The selling point of this comic is that you might see one of these busty women raped. By a tentacled beast. That’s just repulsive.
If you don’t object to this cover because you don’t recognize it as rape, you’re either blind or in denial. I mean, look at it. Red-eyed voyeurs watch while grotesque phalluses strip Colleen Wing on the right and drip white slime on Black Cat’s exposed cleavage on the left. The image could not be more explicitly sexual and threatening while still being displayed with Amazing Spider-Man.
Maybe you do recognize it as rape, but say, “so what? There’s racks and racks of tentacle porn manga being sold. Why is this cover wrong?” Because this isn’t a porn comic! It’s a superhero adventure comic, and the image doesn’t even match the solicitation copy. Which means it’s just false advertising, playing on the worst desires of fan boys.
Lea Hernandez takes a word she came up with in her initial post about the cover — “Manstream” — and runs with it:
Lea here.
I coined the term “Manstream” yesterday when I was posting a letter to Joe Quesada expressing my distaste for the cover to Heroes for Hire #13. Marvel and DC are considered “mainstream,” but they aren’t, really, and the term “manstream” is derived from that word, and intended to label instances where Marvel and DC (and likely others) treat female characters in ways that demean, victimize, actualize through rape, and so on. It’s a word for the freakshow aspect of “mainstream” comics.

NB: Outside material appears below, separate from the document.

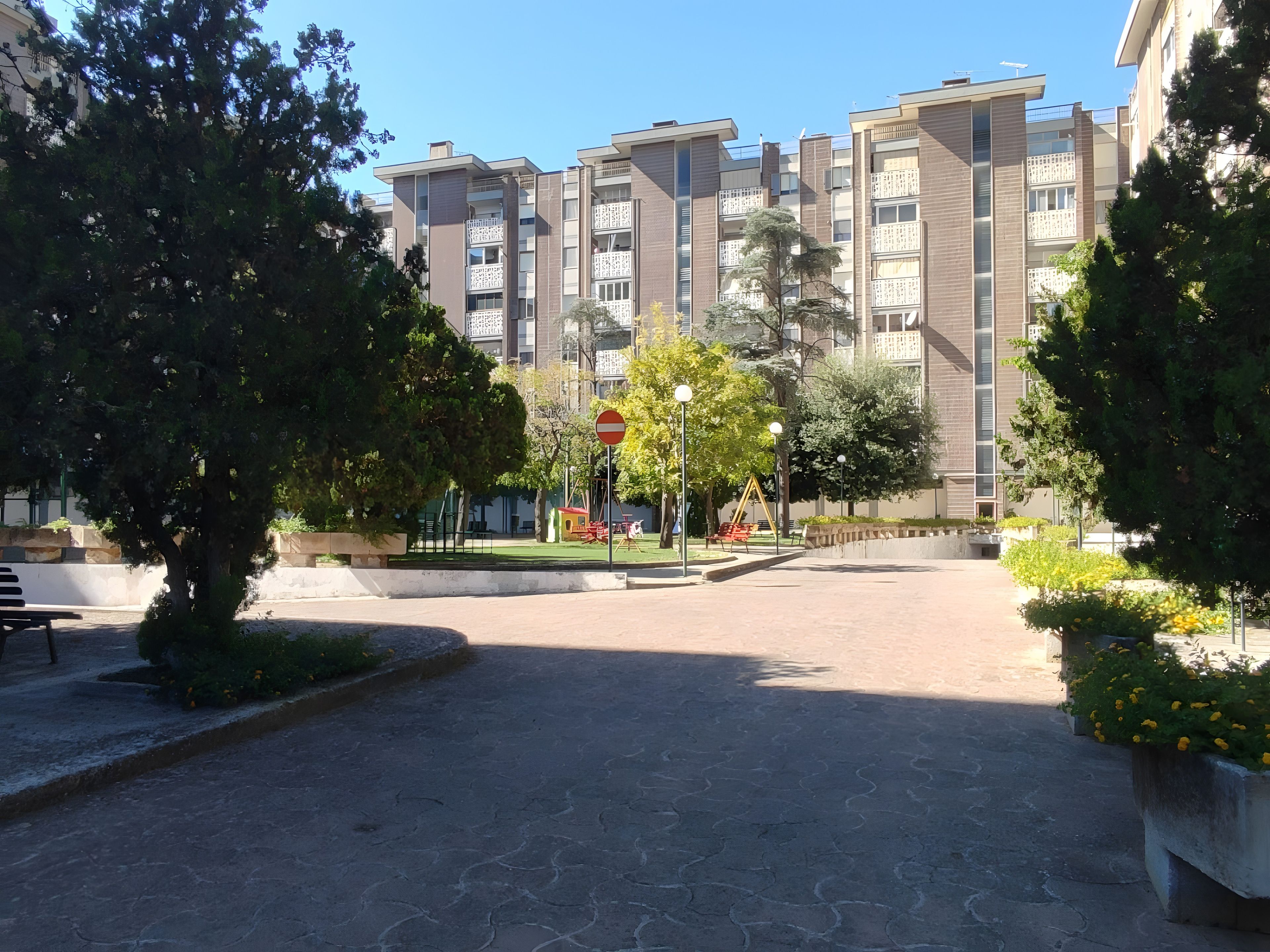 A residential area with apartment buildings, a playground, and a paved courtyard.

We’ll point it out when it happens.
Kick over the rocks.
Shine a little sun on what many comics readers have been conditioned to ignore or respond to.

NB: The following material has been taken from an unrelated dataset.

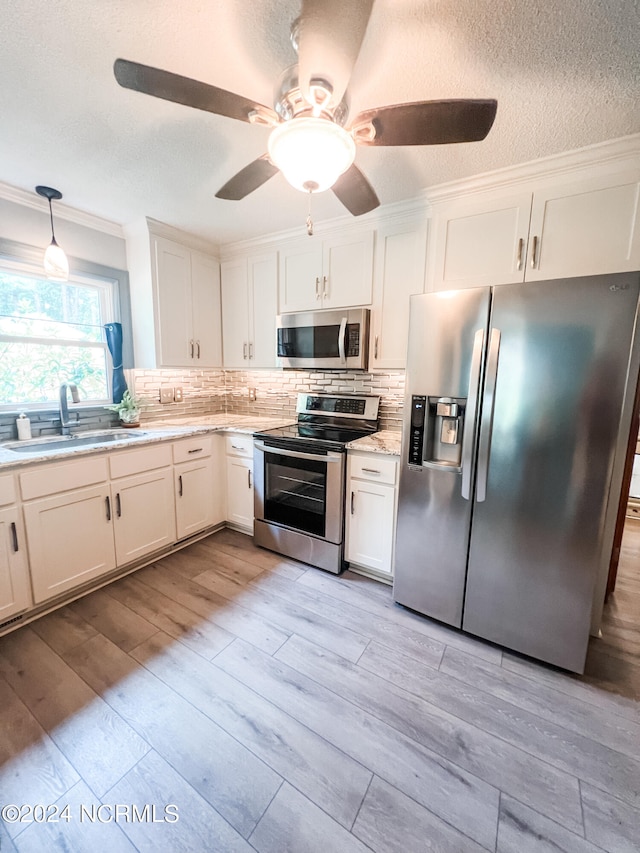 kitchen featuring pendant lighting, appliances with stainless steel finishes, sink, and white cabinetry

Take away the normalization of the attitudes and imagery.
Mock mockity-mock-mock-mock.
There’s also Manstream at Blogger.
Manstream is “Women in Refrigerators” for the 21st century. It is, to borrow the words of si_fuller , to point out when “insensitive mercenary marketers who deserve the scorn” are dipping into the scornucopia.
What it is NOT is about lumping men together. If you’re not making this crap, pushing this crap, crapping this crap–it’s not about you.
And Dorian over at Postmodern Barney looks at it from a business perspective:
I suppose if there really is any larger lesson to be learned from any of these things is that Marvel and DC, despite all their protestations to the contrary, really aren’t ready to grow up and act like a serious business. If they were, someone would have realized that the money they make by pandering to the lowest common denominator isn’t as much as they lose by alienating existing and potential customers and creating a negative view of their product in the wider culture. The lesson the non comics buying public took away from the Mary Jane statue situation wasn’t that fangirls are hysterical and prone to over-reaction, or that Marvel licenses their characters out to specialty manufacturers for the creation of high-end collectibles. No, it was that comic book fans are sad perpetual adolescents who buy over-priced wank material. And that’s not a good way to build brand recognition.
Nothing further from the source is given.